▸ Prompt
Exact copy, no pictures: restate each entry below word for word.

── Exercise inputs

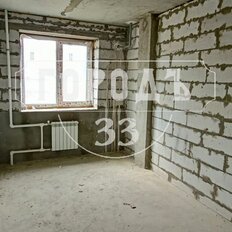 Квартира 44,9 м², 1-комнатная - изображение 3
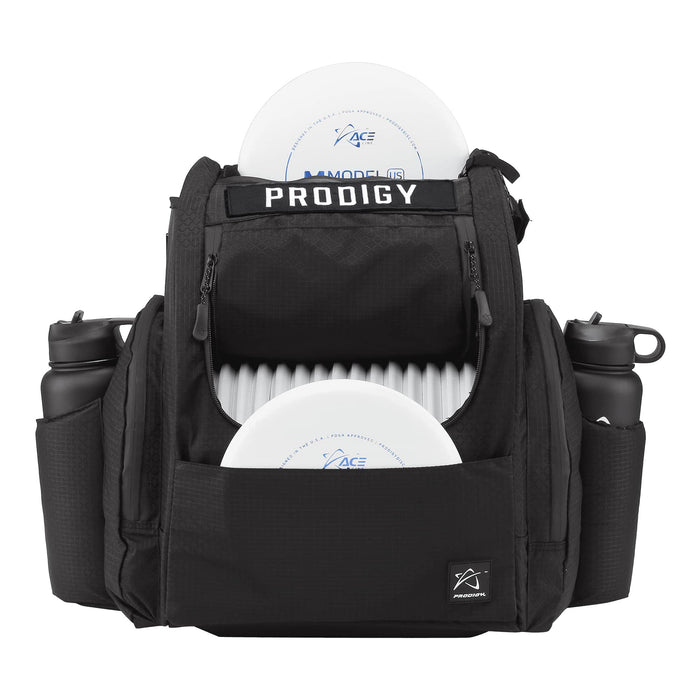 Prodigy BP-2 V3 Disc Golf Backpack
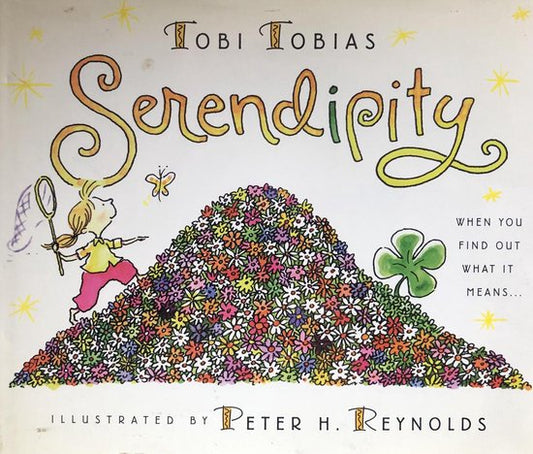 Serendipity
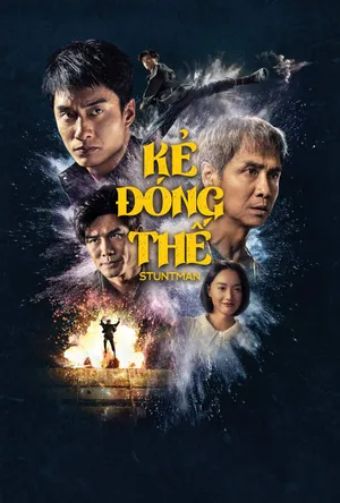 Kẻ Đóng Thế - Stuntman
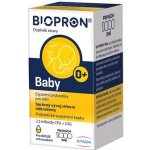 Biopron Baby kapky 10 ml – Zbozi.Blesk.cz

────

▸ Response to the exercise
 Квартира 44,9 м², 1-комнатная - изображение 3
 Prodigy BP-2 V3 Disc Golf Backpack
 Serendipity
 Kẻ Đóng Thế - Stuntman
 Biopron Baby kapky 10 ml – Zbozi.Blesk.cz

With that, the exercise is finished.